§ What you need to do
Gather up every line from the entries below that uses the word "femení".

Recorded data:
((
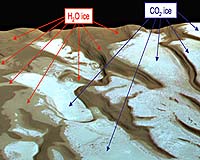 The Origin Of Perennial Water-Ice At The South Pole Of Mars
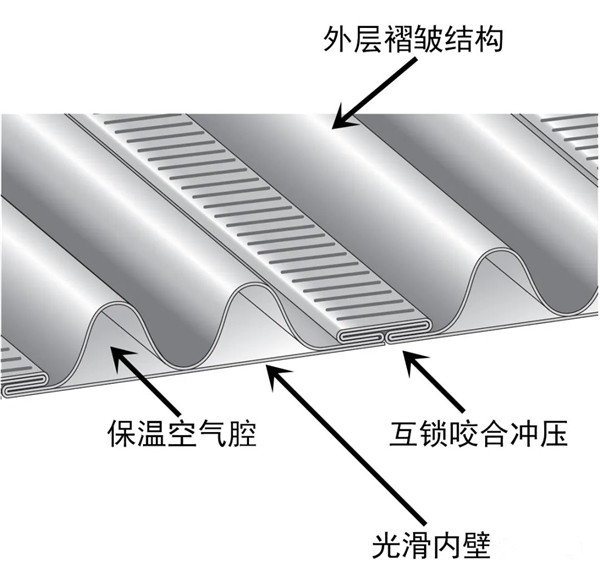 平客引進(jìn)柔性煙管，磚石爐膛中安裝壁爐煙囪的最優(yōu)解.jpg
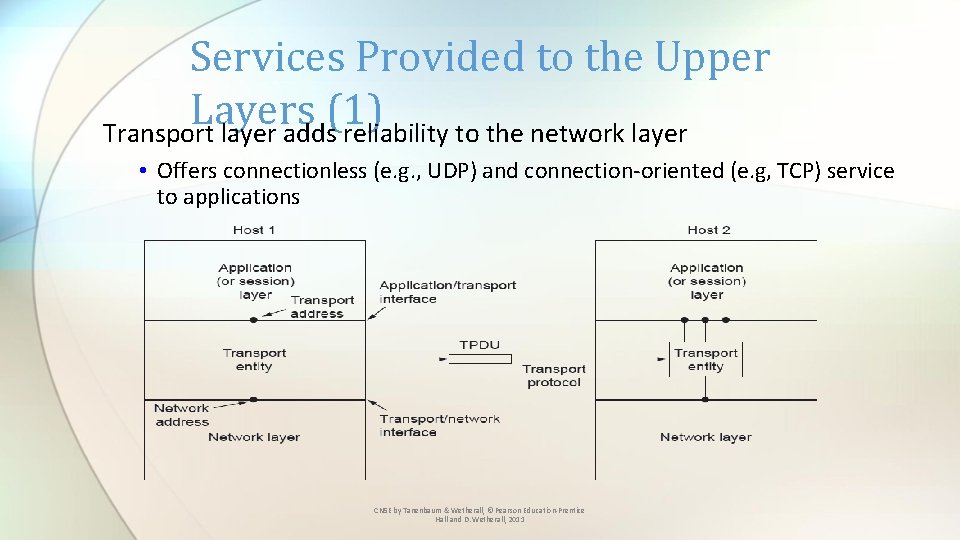 Services Provided to the Upper Layers (1) Transport layer adds reliability to the network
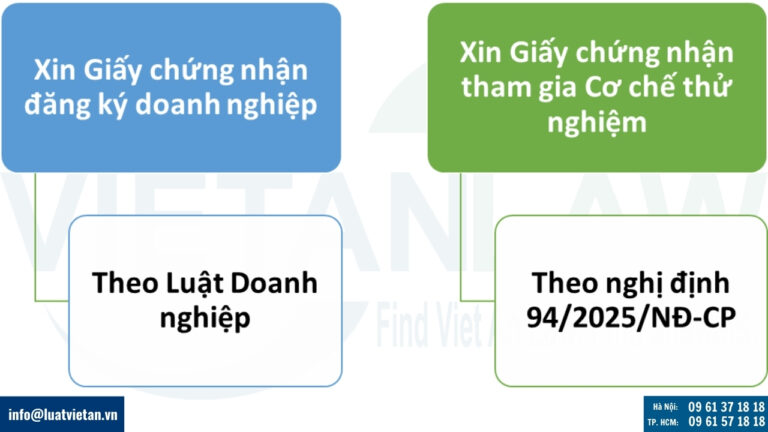 Thủ tục chính khi thành lập công ty Fintech (thử nghiệm sandbox)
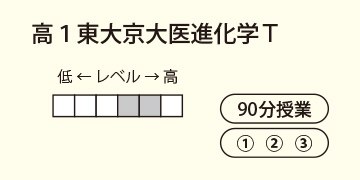 高１東大京大医進化学Ｔ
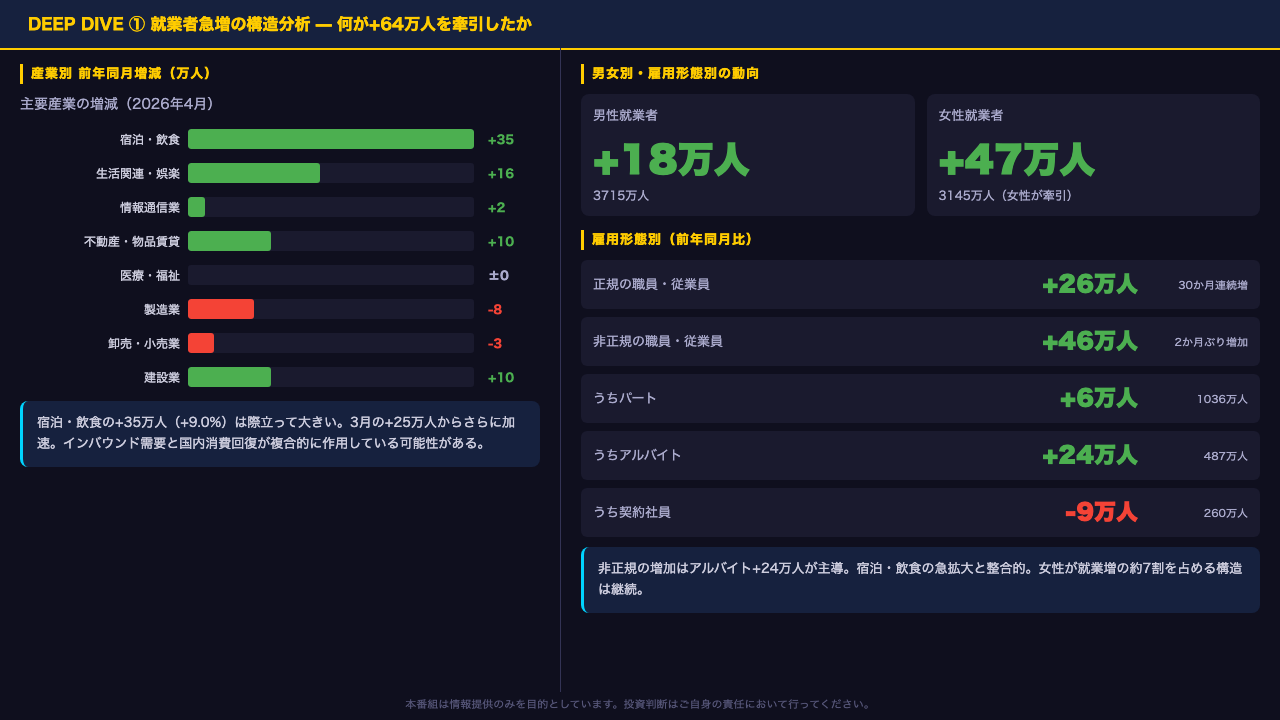 Deep Dive①：就業者急増の構造分析 — 何が+64万人を牽引したか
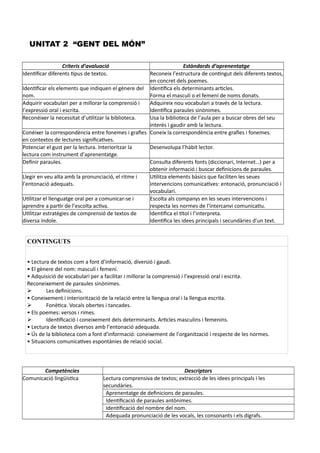 UNITAT 2 “GENT DEL MÓN”
Criteris d’avaluació Estàndards d’aprenentatge
Identificar diferents tipus de textos. Reconeix l’estructura de contingut dels diferents textos,
en concret dels poemes.
Identificar els elements que indiquen el gènere del
nom.
Identifica els determinants articles.
Forma el masculí o el femení de noms donats.
Adquirir vocabulari per a millorar la comprensió i
l’expressió oral i escrita.
Adquireix nou vocabulari a través de la lectura.
Identifica paraules sinònimes.
Reconéixer la necessitat d’utilitzar la biblioteca. Usa la biblioteca de l’aula per a buscar obres del seu
interés i gaudir amb la lectura.
Conéixer la correspondència entre fonemes i grafies
en contextos de lectures significatives.
Coneix la correspondència entre grafies i fonemes.
Potenciar el gust per la lectura. Interioritzar la
lectura com instrument d’aprenentatge.
Desenvolupa l’hàbit lector.
Definir paraules. Consulta diferents fonts (diccionari, Internet…) per a
obtenir informació i buscar definicions de paraules.
Llegir en veu alta amb la pronunciació, el ritme i
l’entonació adequats.
Utilitza elements bàsics que faciliten les seues
intervencions comunicatives: entonació, pronunciació i
vocabulari.
Utilitzar el llenguatge oral per a comunicar-se i
aprendre a partir de l’escolta activa.
Escolta als companys en les seues intervencions i
respecta les normes de l’intercanvi comunicatiu.
Utilitzar estratègies de comprensió de textos de
diversa índole.
Identifica el títol i l’interpreta.
Identifica les idees principals i secundàries d’un text.
CONTINGUTS
• Lectura de textos com a font d’informació, diversió i gaudi.
• El gènere del nom: masculí i femení.
• Adquisició de vocabulari per a facilitar i millorar la comprensió i l’expressió oral i escrita.
Reconeixement de paraules sinònimes.
 Les definicions.
• Coneixement i interiorització de la relació entre la llengua oral i la llengua escrita.
 Fonètica. Vocals obertes i tancades.
• Els poemes: versos i rimes.
 Identificació i coneixement dels determinants. Articles masculins i femenins.
• Lectura de textos diversos amb l’entonació adequada.
• Ús de la biblioteca com a font d’informació: coneixement de l’organització i respecte de les normes.
• Situacions comunicatives espontànies de relació social.
Competències Descriptors
Comunicació lingüística Lectura comprensiva de textos; extracció de les idees principals i les
secundàries.
Aprenentatge de definicions de paraules.
Identificació de paraules antònimes.
Identificació del nombre del nom.
Adequada pronunciació de les vocals, les consonants i els dígrafs.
))
§ The completed task
Forma el masculí o el femení de noms donats.
• El gènere del nom: masculí i femení.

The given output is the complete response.